Task description: In the listing below, find the line holding "Used Renault Clio" and the line holding "New 2027 Chevrolet". Write out those two lines and all lines between, exactly, and nothing more.

Material for this exercise:
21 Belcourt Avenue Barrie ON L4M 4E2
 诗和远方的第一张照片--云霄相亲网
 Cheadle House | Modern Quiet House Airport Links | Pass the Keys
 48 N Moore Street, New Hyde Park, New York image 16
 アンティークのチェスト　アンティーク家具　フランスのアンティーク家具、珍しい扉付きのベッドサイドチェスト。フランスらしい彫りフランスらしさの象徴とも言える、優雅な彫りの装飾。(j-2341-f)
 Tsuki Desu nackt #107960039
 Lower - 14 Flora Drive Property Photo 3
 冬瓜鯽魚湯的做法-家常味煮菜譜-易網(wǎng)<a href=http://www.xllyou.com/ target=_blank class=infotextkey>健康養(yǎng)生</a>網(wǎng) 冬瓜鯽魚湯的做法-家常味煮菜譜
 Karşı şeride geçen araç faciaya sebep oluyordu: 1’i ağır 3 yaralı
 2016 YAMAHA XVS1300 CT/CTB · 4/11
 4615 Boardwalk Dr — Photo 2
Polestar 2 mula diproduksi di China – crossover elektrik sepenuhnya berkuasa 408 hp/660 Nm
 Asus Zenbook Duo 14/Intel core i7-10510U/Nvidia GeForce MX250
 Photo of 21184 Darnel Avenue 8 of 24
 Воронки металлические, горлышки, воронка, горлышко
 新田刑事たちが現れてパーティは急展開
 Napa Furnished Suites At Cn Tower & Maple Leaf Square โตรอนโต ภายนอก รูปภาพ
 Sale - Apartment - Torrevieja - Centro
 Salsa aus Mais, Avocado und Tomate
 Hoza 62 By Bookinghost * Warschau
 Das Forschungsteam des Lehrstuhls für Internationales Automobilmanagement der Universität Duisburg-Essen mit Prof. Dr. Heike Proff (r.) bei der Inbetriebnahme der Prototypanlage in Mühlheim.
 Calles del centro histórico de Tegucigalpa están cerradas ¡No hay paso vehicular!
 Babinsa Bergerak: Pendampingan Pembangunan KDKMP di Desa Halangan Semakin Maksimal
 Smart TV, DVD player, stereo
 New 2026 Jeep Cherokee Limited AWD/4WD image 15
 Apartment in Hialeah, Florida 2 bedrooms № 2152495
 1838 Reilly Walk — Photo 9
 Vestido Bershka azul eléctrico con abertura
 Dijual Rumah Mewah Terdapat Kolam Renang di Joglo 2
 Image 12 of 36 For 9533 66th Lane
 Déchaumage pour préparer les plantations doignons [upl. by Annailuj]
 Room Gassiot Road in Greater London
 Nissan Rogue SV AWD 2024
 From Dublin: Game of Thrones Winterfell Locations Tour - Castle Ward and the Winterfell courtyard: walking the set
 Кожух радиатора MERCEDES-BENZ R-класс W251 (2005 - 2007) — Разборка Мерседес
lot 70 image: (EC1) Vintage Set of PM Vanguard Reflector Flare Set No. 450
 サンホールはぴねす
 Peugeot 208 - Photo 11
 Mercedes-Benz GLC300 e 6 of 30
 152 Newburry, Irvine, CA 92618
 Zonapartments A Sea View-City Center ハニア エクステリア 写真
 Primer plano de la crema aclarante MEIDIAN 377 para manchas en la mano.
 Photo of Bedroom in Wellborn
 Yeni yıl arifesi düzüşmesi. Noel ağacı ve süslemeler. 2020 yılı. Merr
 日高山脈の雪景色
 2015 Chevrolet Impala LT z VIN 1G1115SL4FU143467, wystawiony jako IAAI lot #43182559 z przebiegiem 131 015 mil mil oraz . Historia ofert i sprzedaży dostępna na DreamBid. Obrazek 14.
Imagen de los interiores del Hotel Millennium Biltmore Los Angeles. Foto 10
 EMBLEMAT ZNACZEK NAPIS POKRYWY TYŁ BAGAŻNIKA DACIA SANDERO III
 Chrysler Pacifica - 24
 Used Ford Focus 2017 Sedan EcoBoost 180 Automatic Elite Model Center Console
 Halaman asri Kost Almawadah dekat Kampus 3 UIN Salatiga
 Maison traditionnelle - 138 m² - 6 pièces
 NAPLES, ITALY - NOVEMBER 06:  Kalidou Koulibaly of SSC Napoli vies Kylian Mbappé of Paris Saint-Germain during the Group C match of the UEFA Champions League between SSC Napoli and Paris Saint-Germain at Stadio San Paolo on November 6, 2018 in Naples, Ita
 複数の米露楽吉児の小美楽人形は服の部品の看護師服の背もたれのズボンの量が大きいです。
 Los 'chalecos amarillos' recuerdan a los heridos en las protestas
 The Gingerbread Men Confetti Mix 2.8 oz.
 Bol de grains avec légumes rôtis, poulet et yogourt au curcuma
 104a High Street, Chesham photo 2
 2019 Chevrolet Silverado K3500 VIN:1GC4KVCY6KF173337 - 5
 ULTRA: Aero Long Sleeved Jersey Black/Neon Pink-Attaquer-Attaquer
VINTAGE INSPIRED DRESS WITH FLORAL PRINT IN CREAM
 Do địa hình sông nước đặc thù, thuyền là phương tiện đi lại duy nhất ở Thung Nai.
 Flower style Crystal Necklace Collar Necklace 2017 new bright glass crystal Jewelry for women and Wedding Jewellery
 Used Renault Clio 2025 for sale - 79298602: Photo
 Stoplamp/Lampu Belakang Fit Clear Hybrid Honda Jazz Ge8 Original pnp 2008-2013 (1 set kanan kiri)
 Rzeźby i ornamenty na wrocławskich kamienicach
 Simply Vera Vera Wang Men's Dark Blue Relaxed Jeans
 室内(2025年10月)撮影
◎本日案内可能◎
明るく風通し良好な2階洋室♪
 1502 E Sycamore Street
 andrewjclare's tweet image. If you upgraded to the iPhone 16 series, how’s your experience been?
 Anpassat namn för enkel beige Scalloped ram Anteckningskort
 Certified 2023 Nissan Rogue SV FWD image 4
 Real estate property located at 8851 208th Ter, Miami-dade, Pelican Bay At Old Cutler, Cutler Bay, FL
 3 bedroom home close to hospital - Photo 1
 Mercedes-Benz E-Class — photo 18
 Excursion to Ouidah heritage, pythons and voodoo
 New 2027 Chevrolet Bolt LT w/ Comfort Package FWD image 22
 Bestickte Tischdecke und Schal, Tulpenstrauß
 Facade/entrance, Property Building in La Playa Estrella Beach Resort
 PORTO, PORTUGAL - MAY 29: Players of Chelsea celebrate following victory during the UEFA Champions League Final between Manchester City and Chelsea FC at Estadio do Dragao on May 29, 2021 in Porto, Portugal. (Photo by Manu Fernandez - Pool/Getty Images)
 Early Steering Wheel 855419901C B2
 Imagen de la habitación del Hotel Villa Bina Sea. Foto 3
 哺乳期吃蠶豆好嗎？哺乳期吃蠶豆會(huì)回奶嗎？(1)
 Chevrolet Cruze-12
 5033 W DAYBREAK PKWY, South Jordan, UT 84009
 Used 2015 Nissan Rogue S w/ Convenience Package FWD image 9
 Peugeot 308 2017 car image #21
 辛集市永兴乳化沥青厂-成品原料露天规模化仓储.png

Solution for this exercise:
 Used Renault Clio 2025 for sale - 79298602: Photo
 Stoplamp/Lampu Belakang Fit Clear Hybrid Honda Jazz Ge8 Original pnp 2008-2013 (1 set kanan kiri)
 Rzeźby i ornamenty na wrocławskich kamienicach
 Simply Vera Vera Wang Men's Dark Blue Relaxed Jeans
 室内(2025年10月)撮影
◎本日案内可能◎
明るく風通し良好な2階洋室♪
 1502 E Sycamore Street
 andrewjclare's tweet image. If you upgraded to the iPhone 16 series, how’s your experience been?
 Anpassat namn för enkel beige Scalloped ram Anteckningskort
 Certified 2023 Nissan Rogue SV FWD image 4
 Real estate property located at 8851 208th Ter, Miami-dade, Pelican Bay At Old Cutler, Cutler Bay, FL
 3 bedroom home close to hospital - Photo 1
 Mercedes-Benz E-Class — photo 18
 Excursion to Ouidah heritage, pythons and voodoo
 New 2027 Chevrolet Bolt LT w/ Comfort Package FWD image 22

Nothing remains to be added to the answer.